**RECORDED DATA**
----
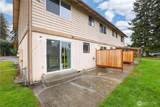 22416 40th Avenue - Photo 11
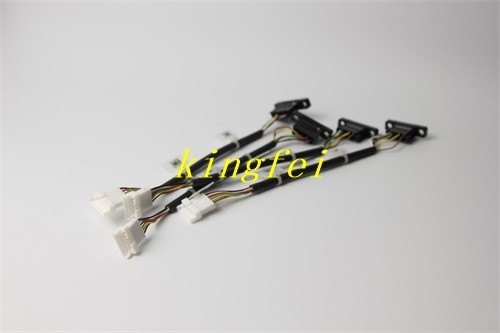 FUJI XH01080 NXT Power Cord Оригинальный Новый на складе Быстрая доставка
----
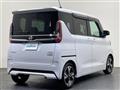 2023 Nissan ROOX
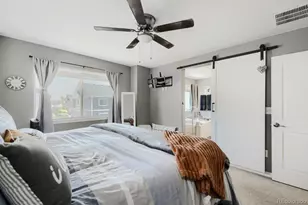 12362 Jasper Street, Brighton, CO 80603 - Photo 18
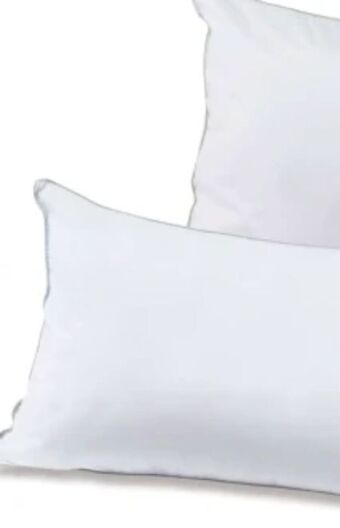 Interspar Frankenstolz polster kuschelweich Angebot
----
**EXERCISE DIRECTIONS**
Above are the records. Copy word for word only their lines from the one holding "12362 Jasper Street, Brighton, CO" through the one holding "Interspar Frankenstolz polster", both included, and skip the images.

**EXPECTED OUTPUT**
 12362 Jasper Street, Brighton, CO 80603 - Photo 18
 Interspar Frankenstolz polster kuschelweich Angebot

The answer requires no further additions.